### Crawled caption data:

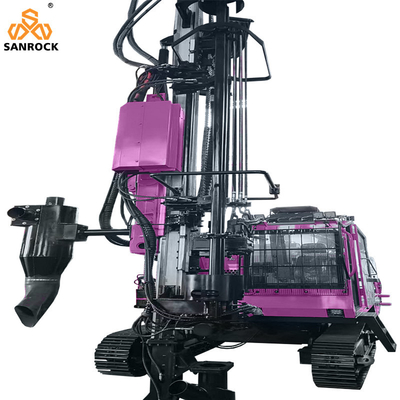 Équipement de forage DTH intégré Profondeur 28m Rig hydraulique de forage minier Machine de forage Crawler Rig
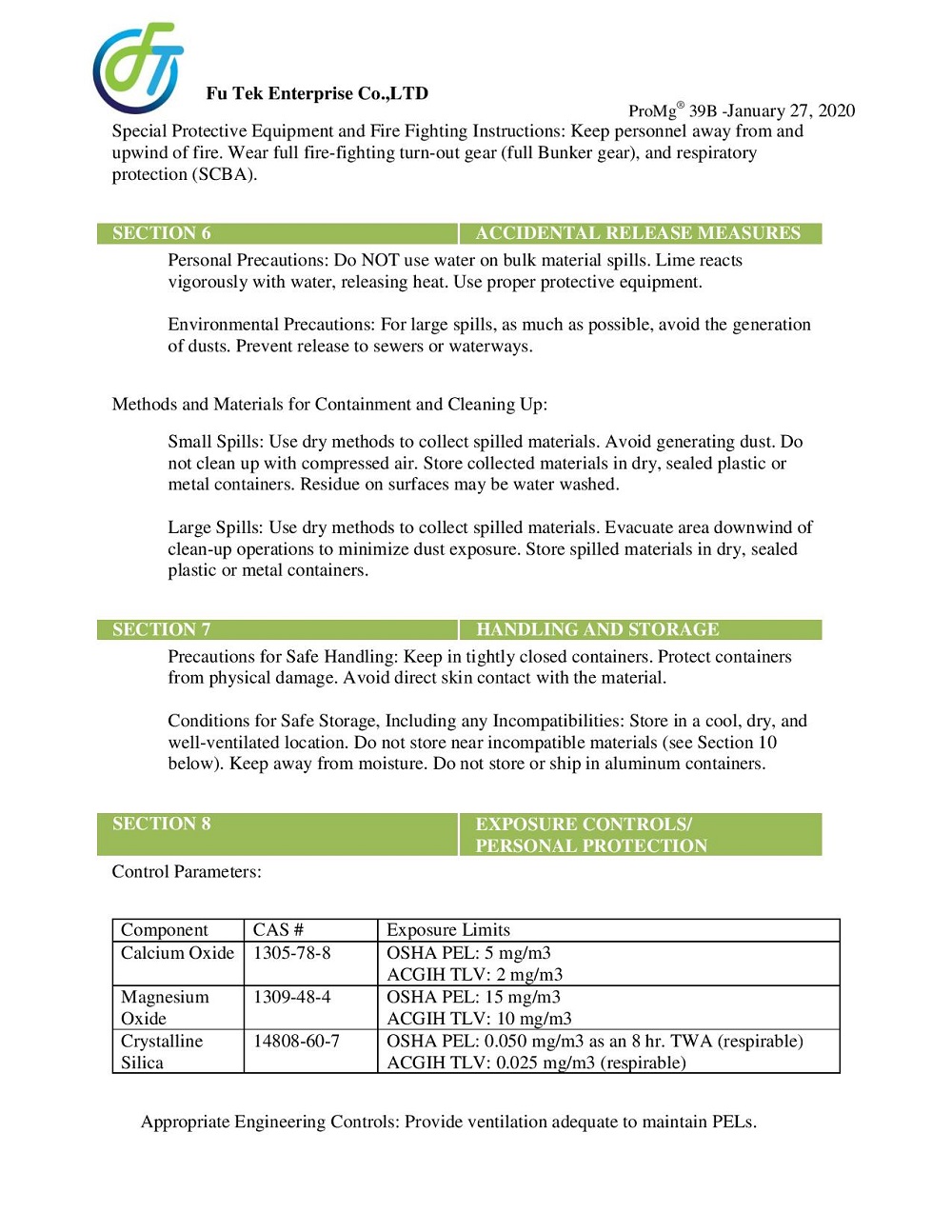 MSDS DOLOMITE NUNG 3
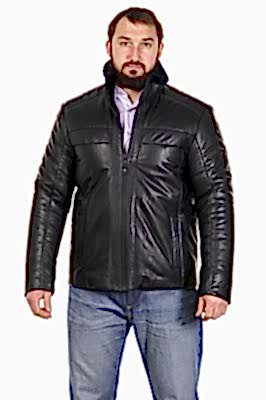 Фото товара Куртка кожа 1022.6035 ZIG, темно-синий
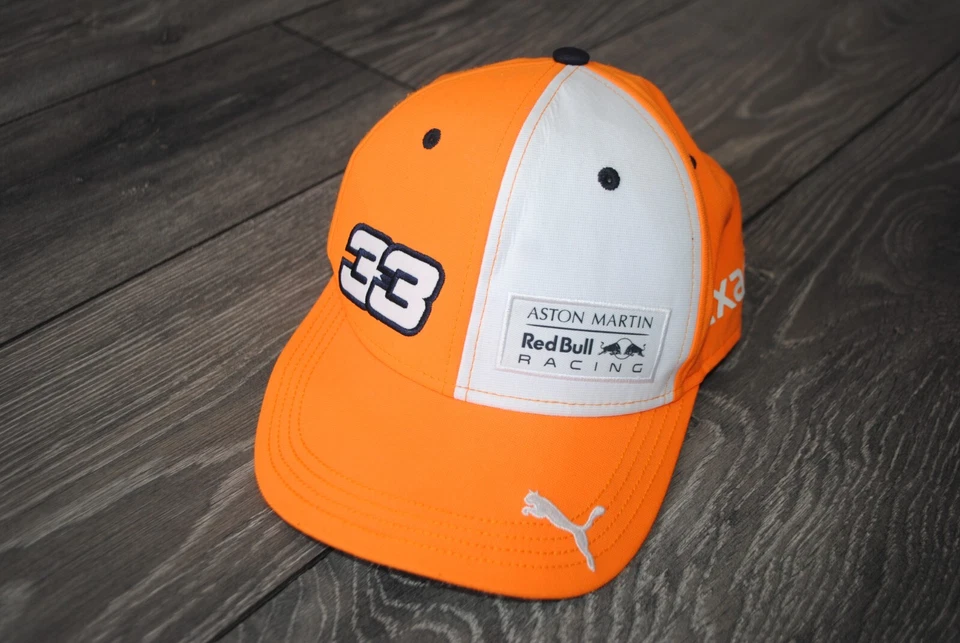 MAX VERSTAPPEN 33 ASTON MARTIN REDBULL RACING 2018 ORANGE CAP ONE SIZE YOUTH - Image 2 of 4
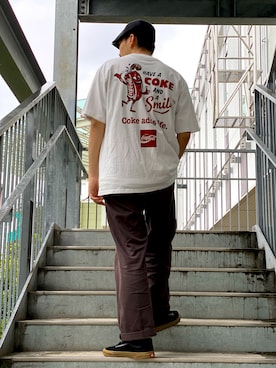 「AVIREX（アヴィレックス）のアイテム（ハンチング/ベレー帽）」を使った、タイチさん（メンズ・178cm）の春コーディネート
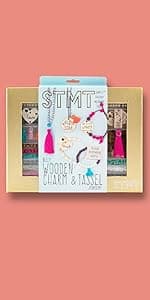 STMT D.I.Y. Hand Stamped , DIY Personalized Stamp Jewelry, Great Teenage Birthday Gift, Unique Handmade Jewelry & Name Plates, Bead Kits for Kids, Teens & Adults Ages 14+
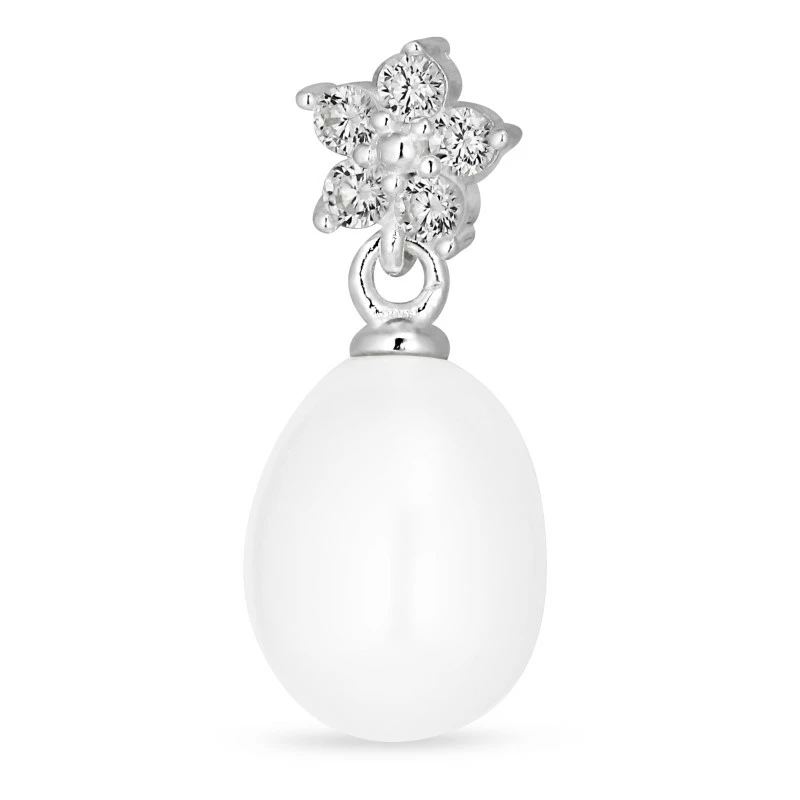 Perle Anhänger aus Silber - Perlenschmuck - Schmuckstücke mit Perlen - Schnelle Lieferung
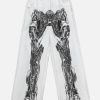 Concert Outfit Mecha Print Jeans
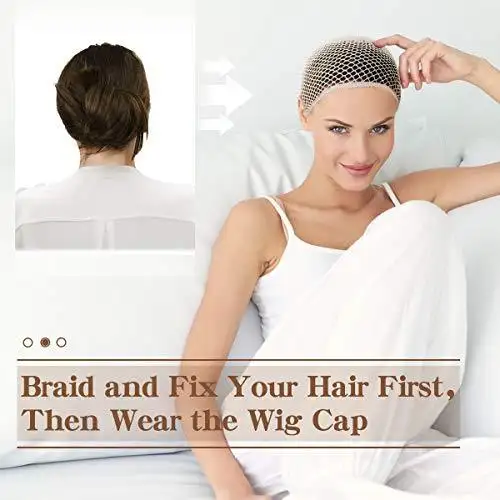 Closed Nude Mesh Net Wig Cap 3 Pack - Image 5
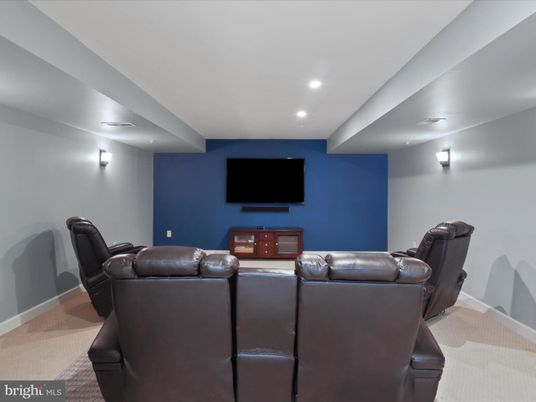 Home Theatre Room, Interior, Recessed Lighting, Theatre Room
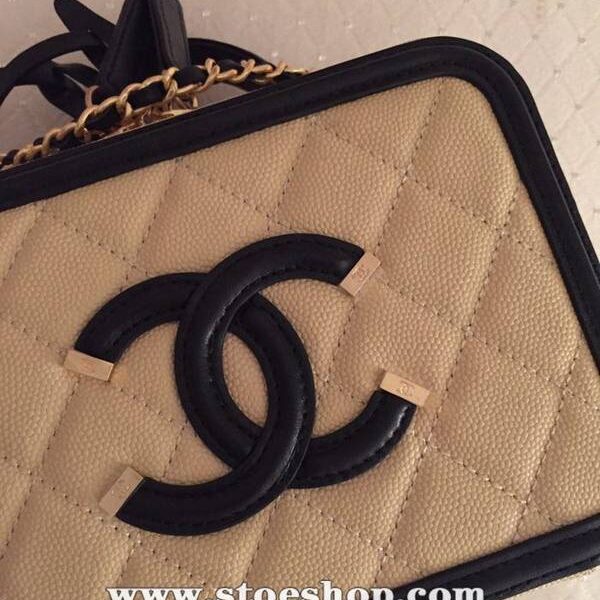 複刻香奈兒鉑金包chanel 93341化妝包立體感logo原廠魚子醬牛皮chb10634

### Work required:
Write the lines from the one containing "STMT D.I.Y. Hand" through the end of the data above exactly as they appear, and do not carry over any picture.

### Answer for this exercise:
 STMT D.I.Y. Hand Stamped , DIY Personalized Stamp Jewelry, Great Teenage Birthday Gift, Unique Handmade Jewelry & Name Plates, Bead Kits for Kids, Teens & Adults Ages 14+
 Perle Anhänger aus Silber - Perlenschmuck - Schmuckstücke mit Perlen - Schnelle Lieferung
 Concert Outfit Mecha Print Jeans
 Closed Nude Mesh Net Wig Cap 3 Pack - Image 5
 Home Theatre Room, Interior, Recessed Lighting, Theatre Room
 複刻香奈兒鉑金包chanel 93341化妝包立體感logo原廠魚子醬牛皮chb10634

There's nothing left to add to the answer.